My takeaway has been that HN does not have Reddit's "don't downvote people just because you think that they are wrong" rule. Interestingly, PG's observation that people do not tend to downvote people who's comments are already gray does not seem to be true at all on reddit.

  • I've always thought that downvoting was for things that didn't contribute, and for things that were technically wrong (including logical fallacies and similar). However, disagreeing on opinion doesn't strike me as an area (on HN or otherwise) where downvoting makes sense.

    So downvoting "1TB of data can easily be uploaded over a 20Mbps connection" (Takes 4.8 days, versus a 20 MegaBytes ps connection, which takes ~14 hours and while not easy, is at least more feasible) -- should be ok. But a comment with correction would normally be better...

    Downvoting someone for saying that they prefer working in Eclipse (just because I prefer vim) doesn't seem very useful?

    • I don't think that the line between "I disagree with your opinion" and "I think this is incorrect" is always clear, particularly when new theories or analysis is being floated. As examples:

      If I state that "chocolate is better than vanilla", and you disagree with me, it's not really that you think I am incorrect; you simply just disagree with me.

      However if I state that I think "[country] will do [something] in Crimea", then you might disagree with me because you do think that I am incorrect.
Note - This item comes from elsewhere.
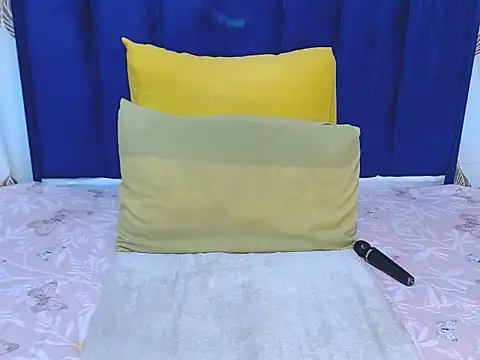 SweetJuicyPussy97 online show from 5, 4, 2026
However in that case, because my statement was speculative, there isn't a strong sense of "objectively correct or incorrect".

      I think that most 'disagreements' in online conversations are closer to the second than the first.

    • Downvoting someone saying they prefer some text editor is useful because those conversations are often very dull.

      Downvoting the incorrect post is valid but as you say it would be more useful to provide a correction post.